* [About this task]: Starting at the line with "3 Piece Embroidered Poly Net Suit", return every line through the final one of the data, word for word. Pictures stay out.
* * * * * * *
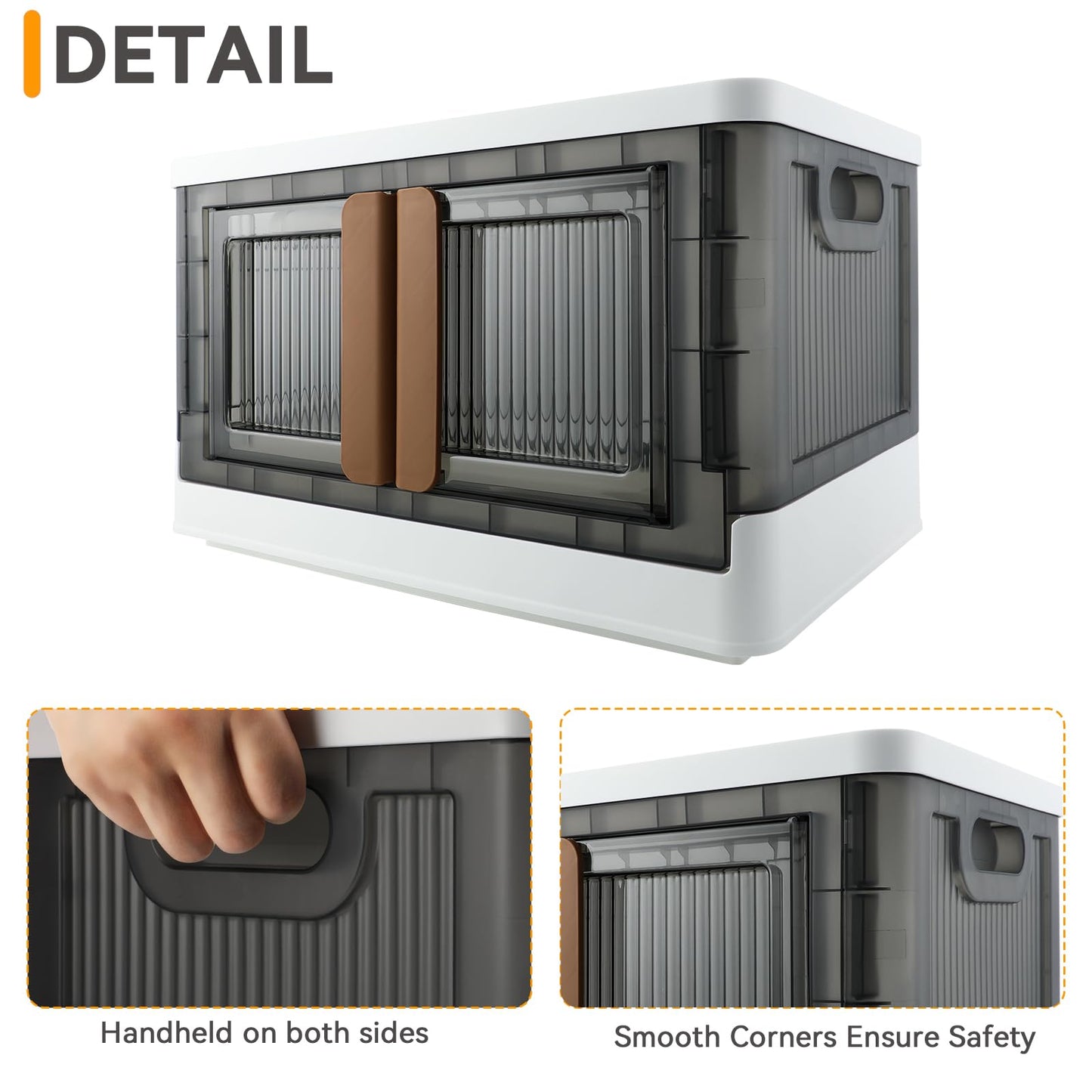 AssHMKIT Storage Cabinet with Lids, 8.4 Gallon (32 Liters), Useful Box with Double Door and Lock, Foldable, Plastic, Underbed or Countertop Use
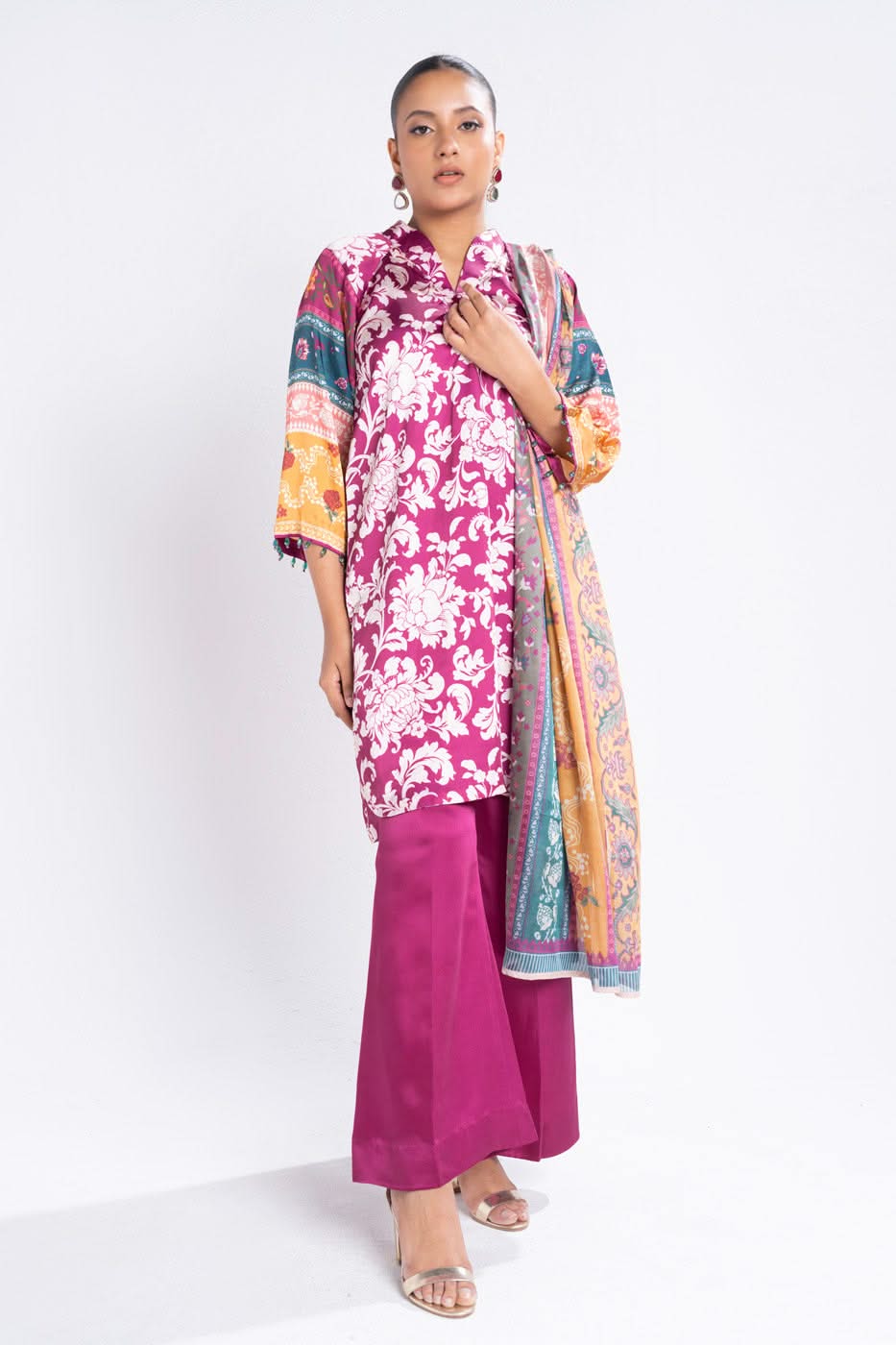 3 Piece Printed Chamois Silk Suit With Printed Tissue Silk Dupatta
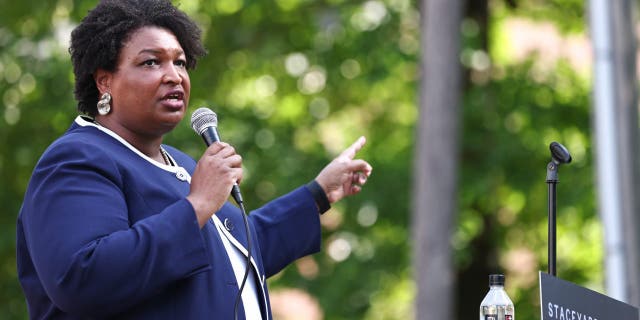 Stacey Abrams, Democratic gubernatorial candidate for Georgia, speaks during a campaign event in Reynolds, Georgia, US, on Saturday, June 4, 2022.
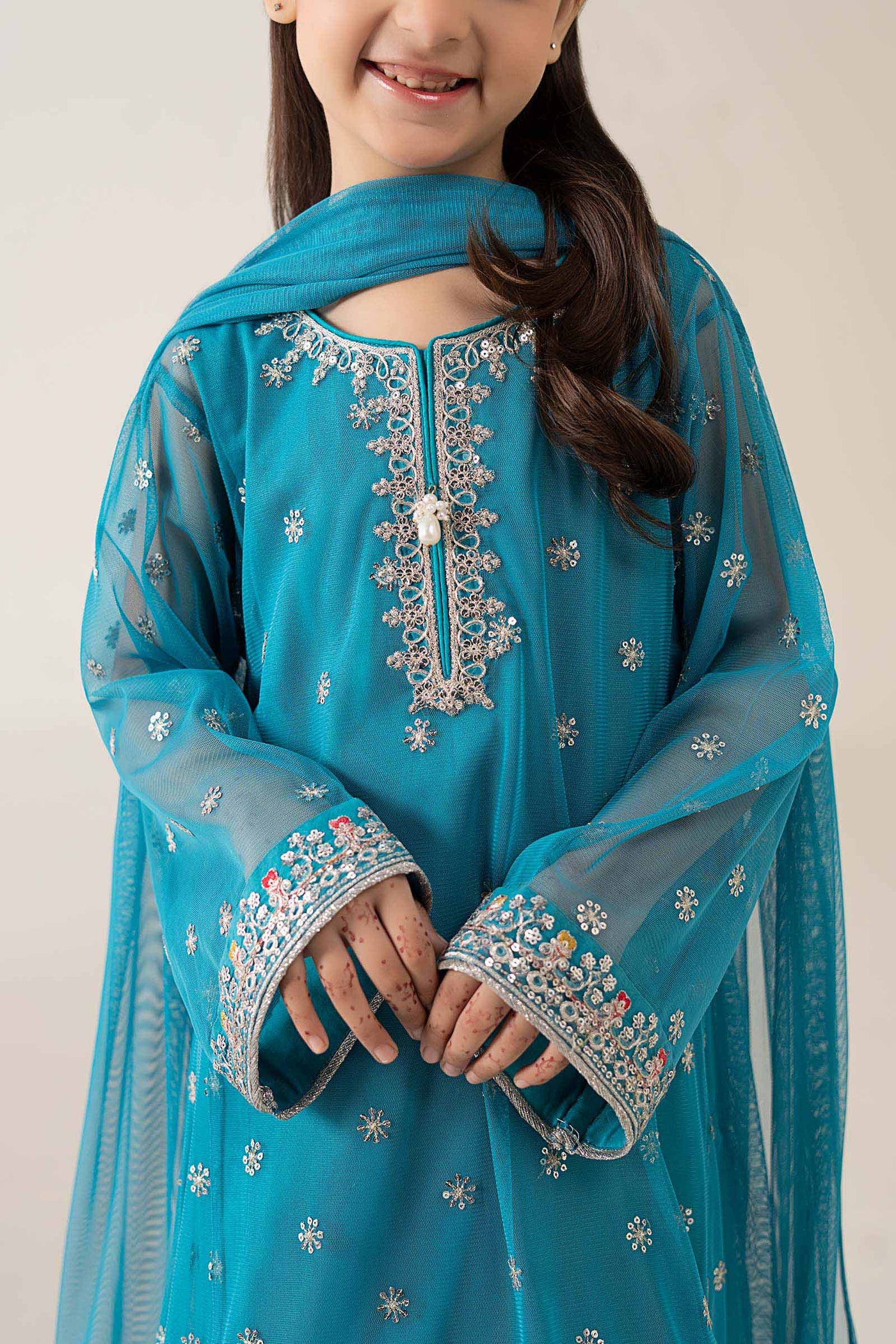 3 Piece Embroidered Poly Net Suit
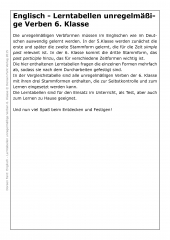 Lerntabellen Englisch unregelmige Verben 6. Klasse (E-Book PDF)
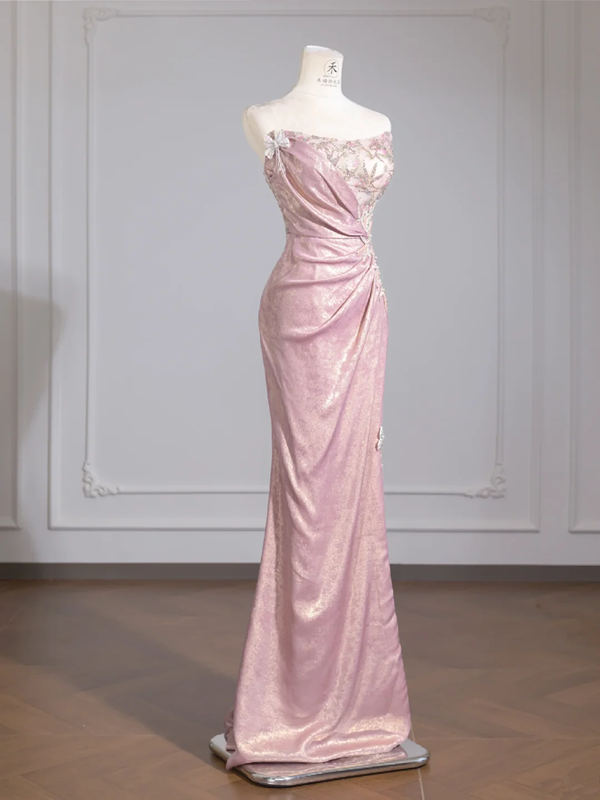Light pink strapless fitted long ball gown, bridal dress R8259
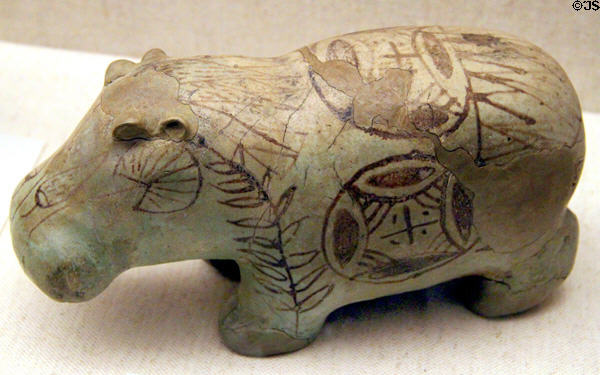 Ancient Egyptian faience hippopotamus figure (1784-1570 BCE) at Museum of Fine Arts. Boston, MA.
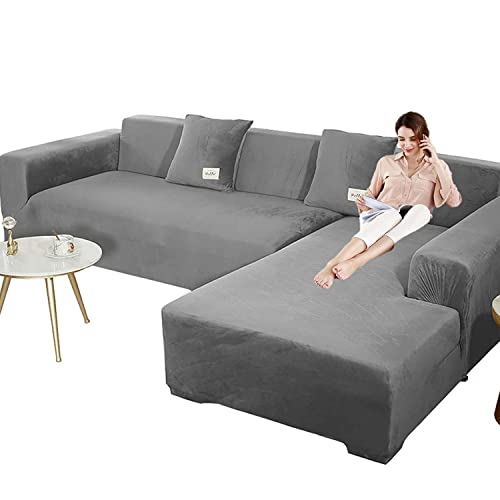 Elastische sofabezug ecksofa couchbezug l form für Hunde Haustiere,dickere sofa überzug 3 sitzer für Wohnzimmer,Sofabezug L Form beige Chaiselongue-Möbelschutz, Loveseat-Bezüge (2 Stück, schwarz von AXHMZYD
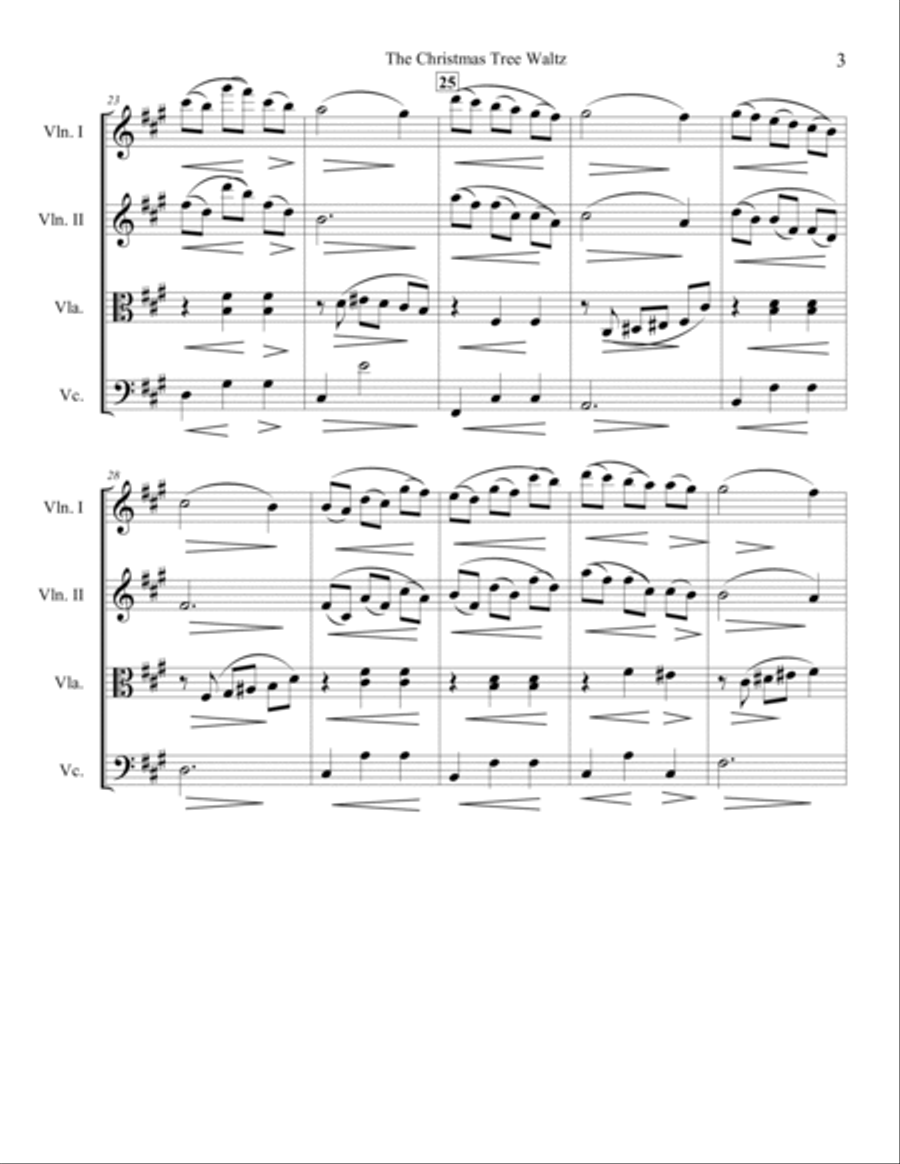The Christmas Tree Waltz for String Quartet String Quartet scores gallery preview page 4
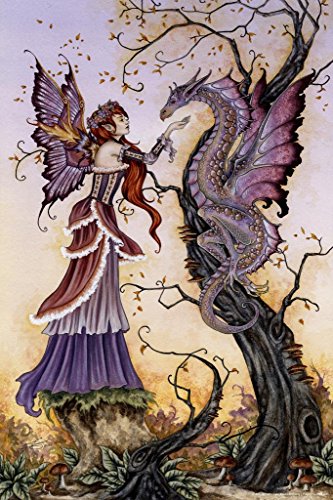 Laminated The Dragon Charmer Fairy by Amy Brown Fantasy Poster Tamed Dragon In Tree Nature Magical Poster Dry Erase Wall Art 16x24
* * * * * * *
* [Answer to the exercise]:
 3 Piece Embroidered Poly Net Suit
 Lerntabellen Englisch unregelmige Verben 6. Klasse (E-Book PDF)
Light pink strapless fitted long ball gown, bridal dress R8259
 Ancient Egyptian faience hippopotamus figure (1784-1570 BCE) at Museum of Fine Arts. Boston, MA.
 Elastische sofabezug ecksofa couchbezug l form für Hunde Haustiere,dickere sofa überzug 3 sitzer für Wohnzimmer,Sofabezug L Form beige Chaiselongue-Möbelschutz, Loveseat-Bezüge (2 Stück, schwarz von AXHMZYD
The Christmas Tree Waltz for String Quartet String Quartet scores gallery preview page 4
 Laminated The Dragon Charmer Fairy by Amy Brown Fantasy Poster Tamed Dragon In Tree Nature Magical Poster Dry Erase Wall Art 16x24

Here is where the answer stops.